### REQUIRED WORK:
Write out exactly, and only, the lines below from the line with "Xccess Click-On Cover Apple iPhone 4 Pink" through the line with "Canon 270EX Speedlite | 1019706"; pictures do not belong in the copy.

· · ·

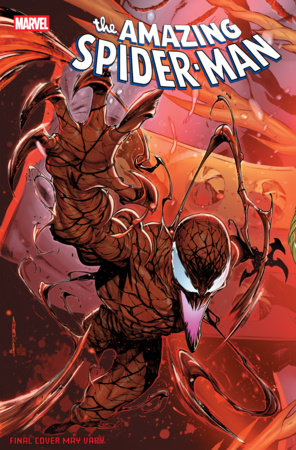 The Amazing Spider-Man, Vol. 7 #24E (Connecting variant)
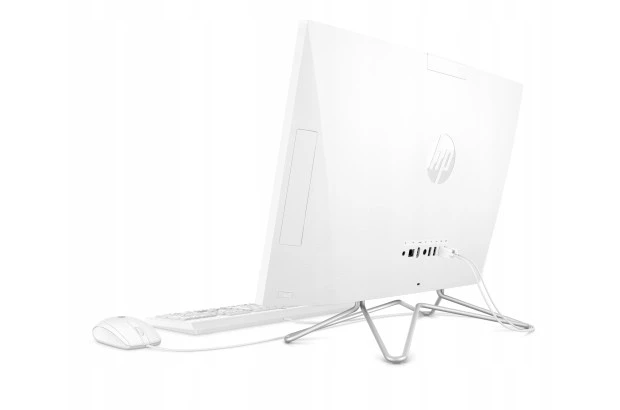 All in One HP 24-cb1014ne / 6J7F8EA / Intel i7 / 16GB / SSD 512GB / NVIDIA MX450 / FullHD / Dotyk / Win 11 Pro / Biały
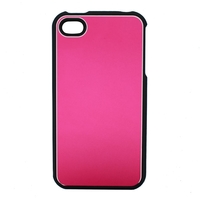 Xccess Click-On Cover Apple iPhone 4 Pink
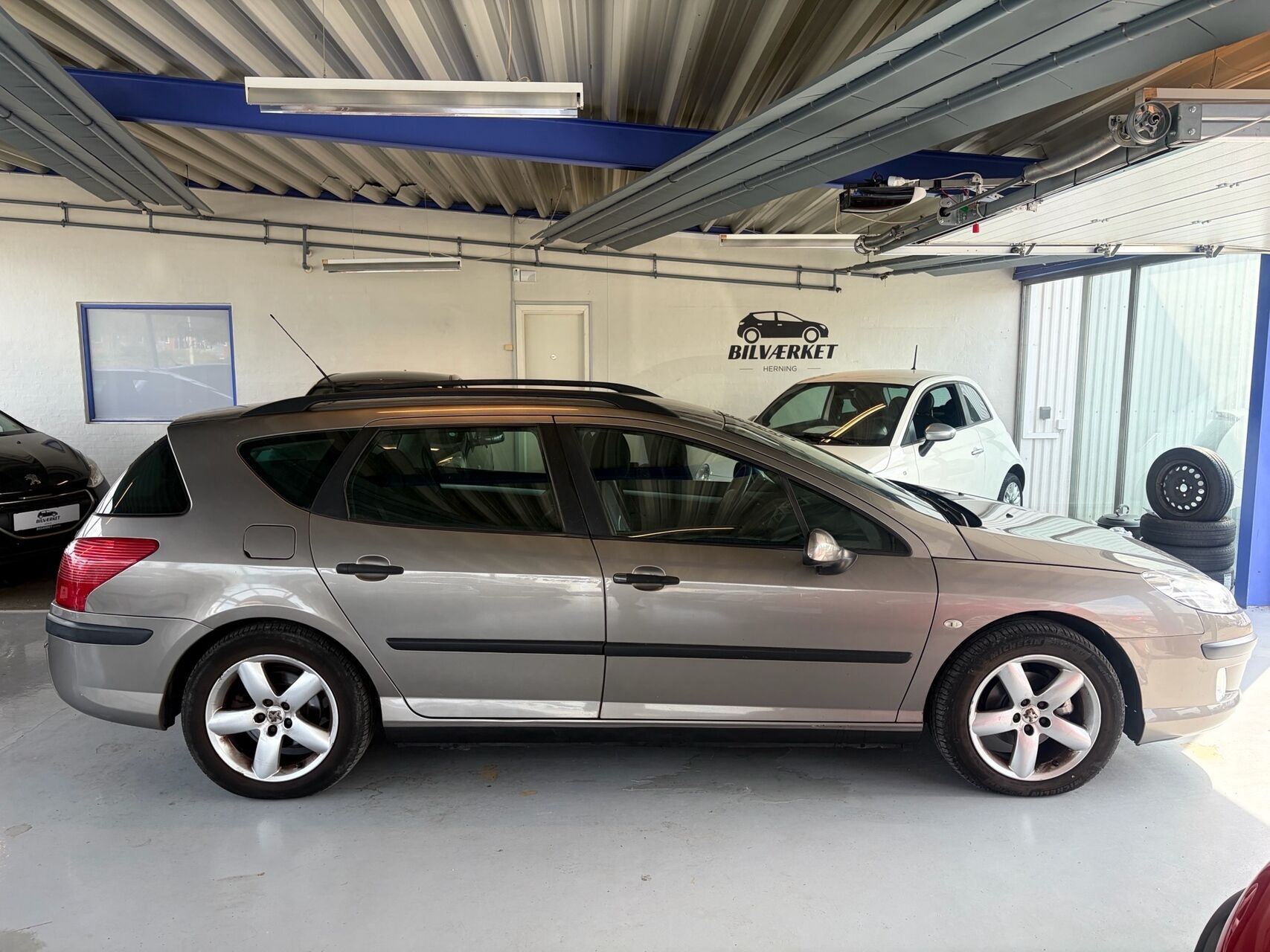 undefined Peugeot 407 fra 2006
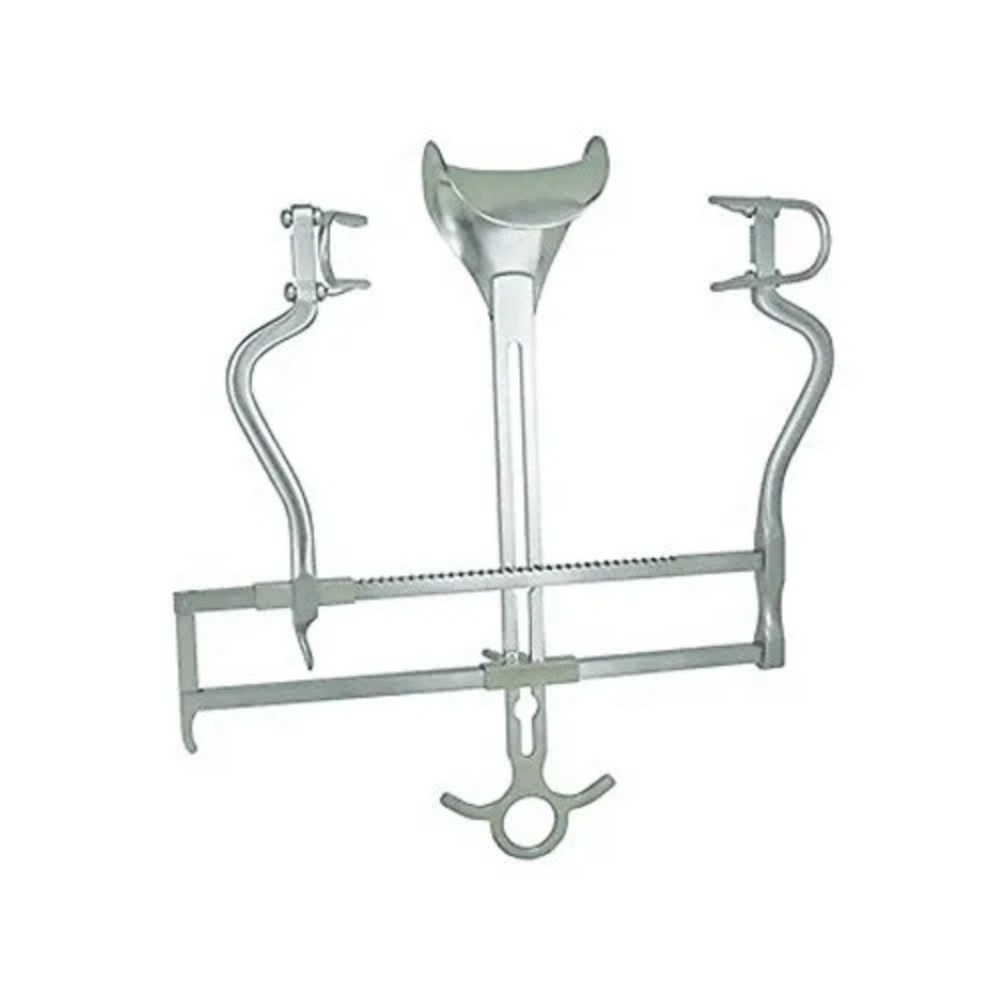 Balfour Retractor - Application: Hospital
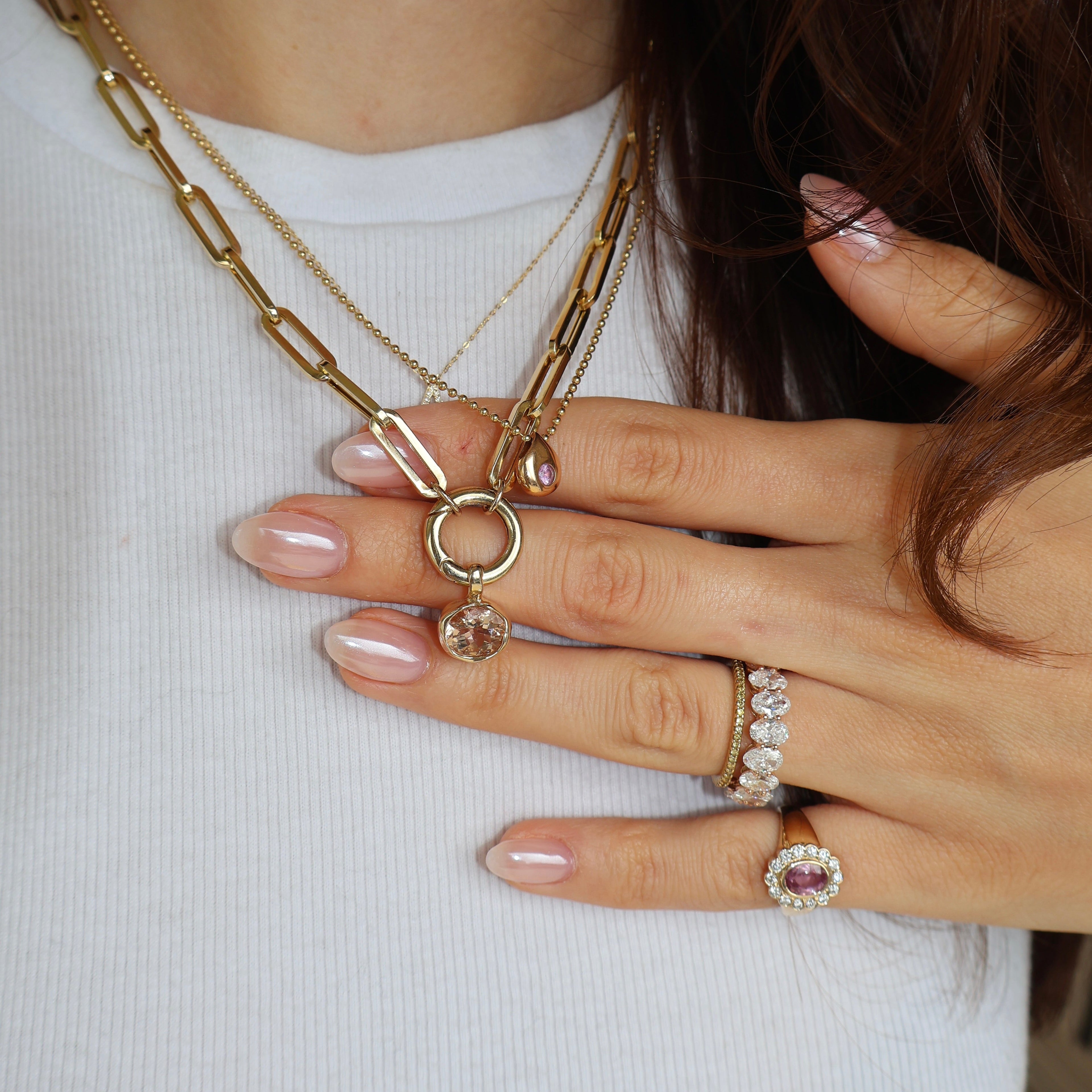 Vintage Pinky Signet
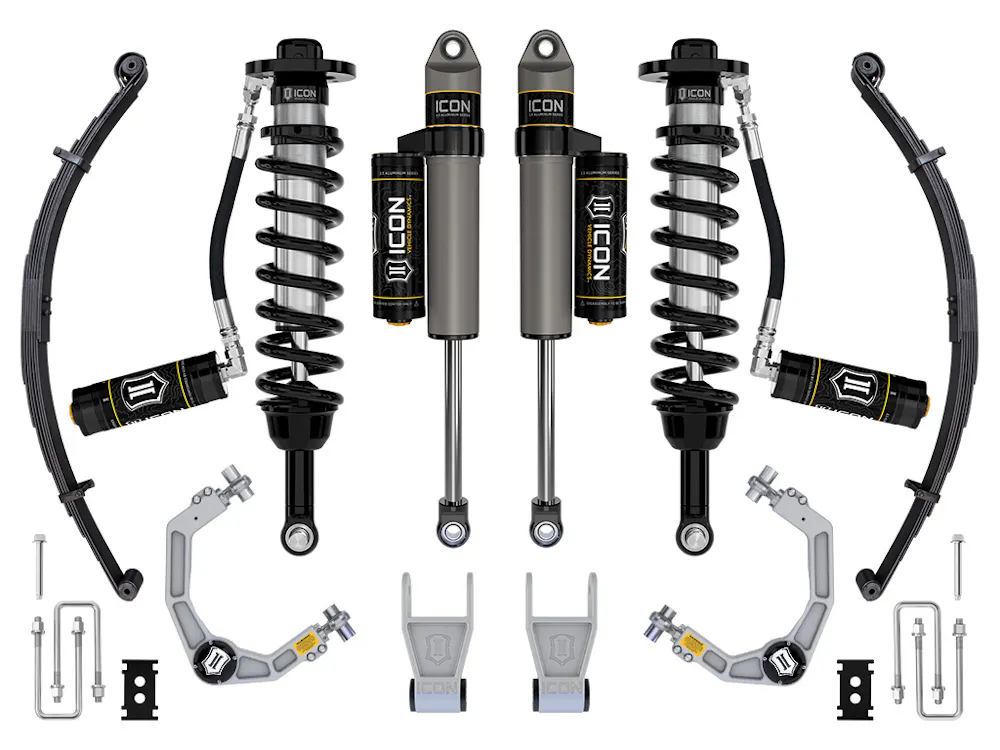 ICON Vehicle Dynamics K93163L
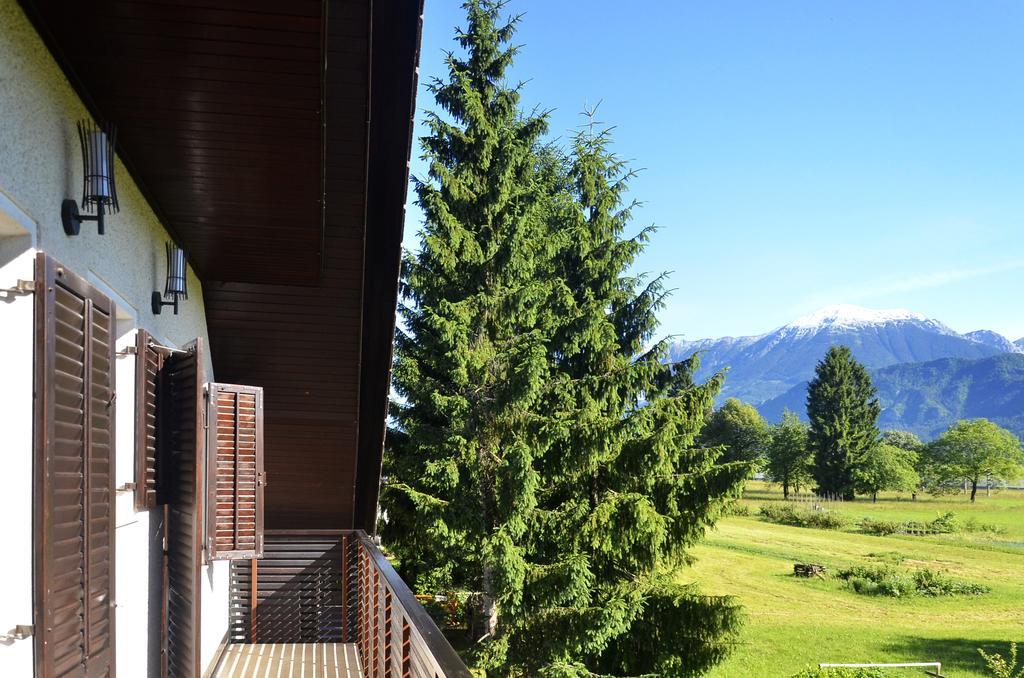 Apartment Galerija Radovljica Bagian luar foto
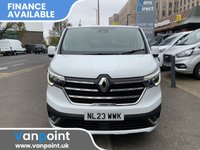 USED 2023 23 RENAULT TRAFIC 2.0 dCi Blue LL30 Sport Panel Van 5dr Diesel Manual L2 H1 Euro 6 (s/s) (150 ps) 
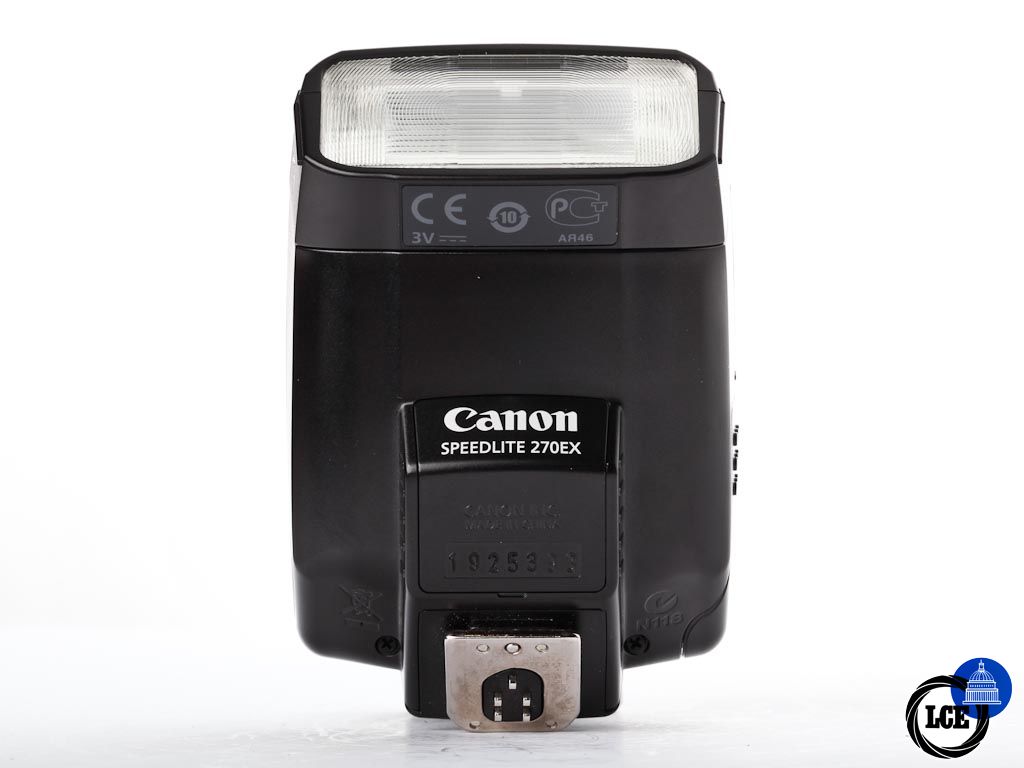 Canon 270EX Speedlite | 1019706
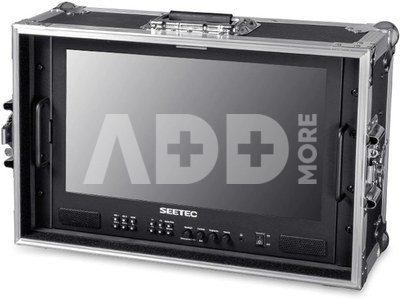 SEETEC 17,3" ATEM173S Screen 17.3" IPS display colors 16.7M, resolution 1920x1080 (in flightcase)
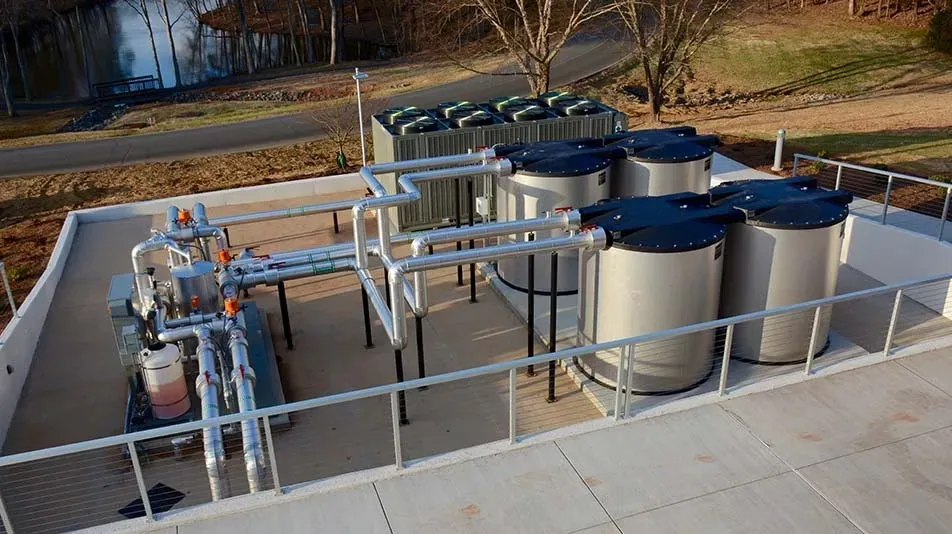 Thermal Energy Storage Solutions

· · ·

### RESULT OF THE TASK:
 Xccess Click-On Cover Apple iPhone 4 Pink
 undefined Peugeot 407 fra 2006
 Balfour Retractor - Application: Hospital
 Vintage Pinky Signet
 ICON Vehicle Dynamics K93163L
 Apartment Galerija Radovljica Bagian luar foto
 USED 2023 23 RENAULT TRAFIC 2.0 dCi Blue LL30 Sport Panel Van 5dr Diesel Manual L2 H1 Euro 6 (s/s) (150 ps) 
 Canon 270EX Speedlite | 1019706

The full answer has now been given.